[Opening Provided data section]
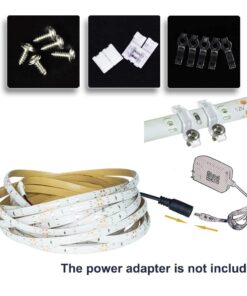 Alternative view of Tasodin Water-Resistance IP65, 12V Waterproof Flexible LED Strip Light, 16.4ft/5m Cuttable LED Light Strips, 300 Units 3528 LEDs Lighting String, LED Tape(White) Power Adapter not Included 1*16.4ft 3528 Cold White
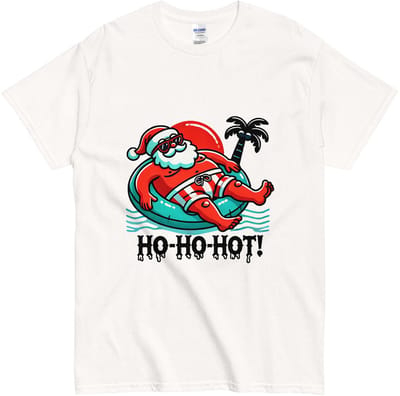 Zomer Vakantie T Shirt - Dames Heren - Komische Kerstman - Ho Ho Hot - Wit - S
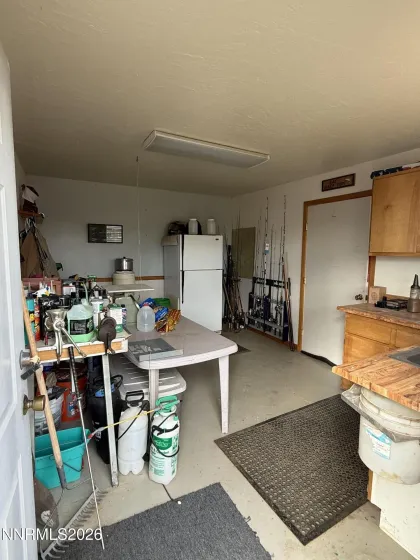 2 car garage kitchen/fish cleaning area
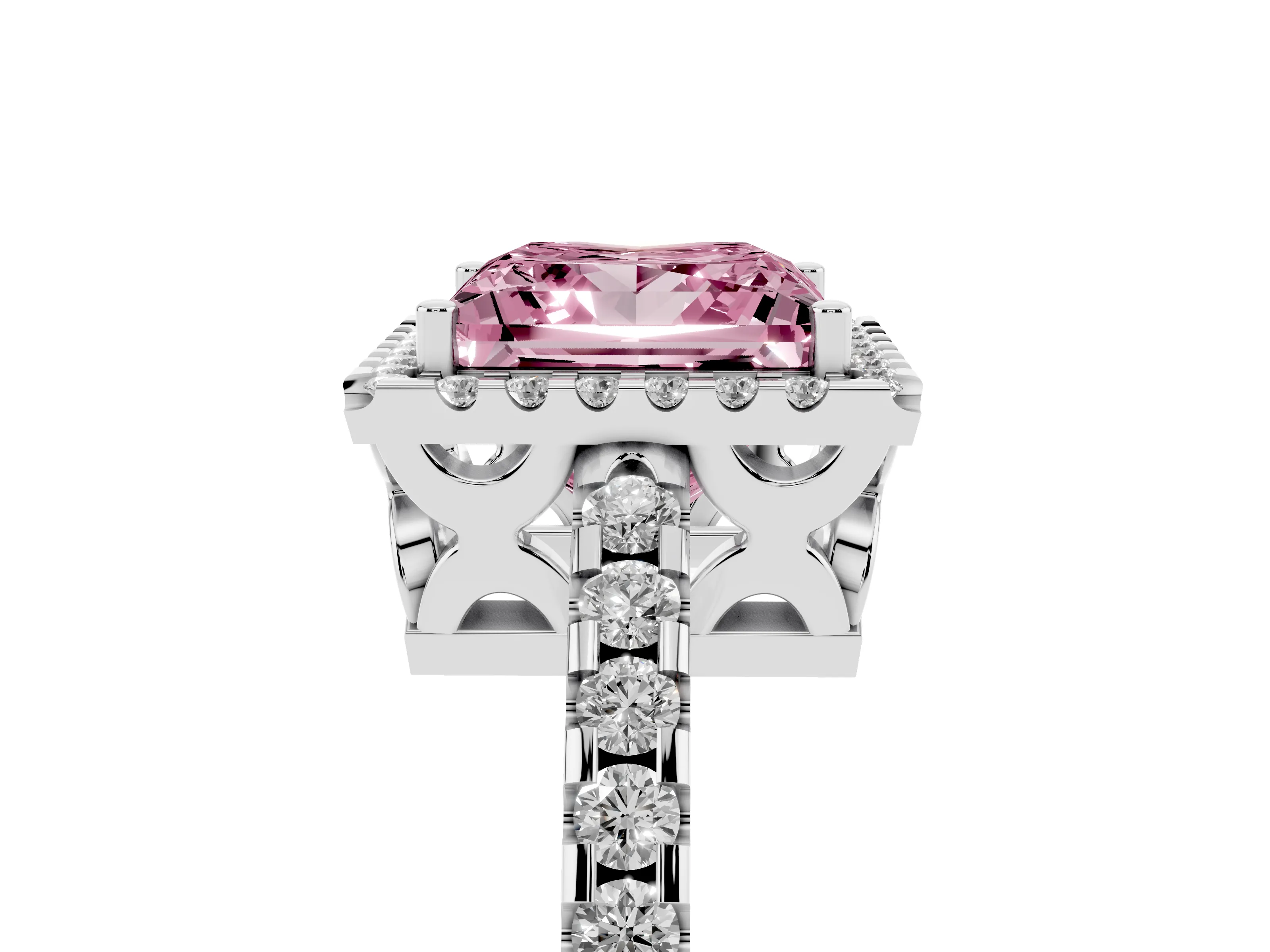 Fancy Pink Princess Cut Diamond Halo Ring Set in White gold with Pavé Shoulders and Halo-Framed Center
[Closing Provided data section]
→ Task prompt: Transcribe exactly, and without any pictures, each line from the one that holds "Zomer Vakantie T" through the final line of the material above.

→ Output for this exercise:
 Zomer Vakantie T Shirt - Dames Heren - Komische Kerstman - Ho Ho Hot - Wit - S
 2 car garage kitchen/fish cleaning area
 Fancy Pink Princess Cut Diamond Halo Ring Set in White gold with Pavé Shoulders and Halo-Framed Center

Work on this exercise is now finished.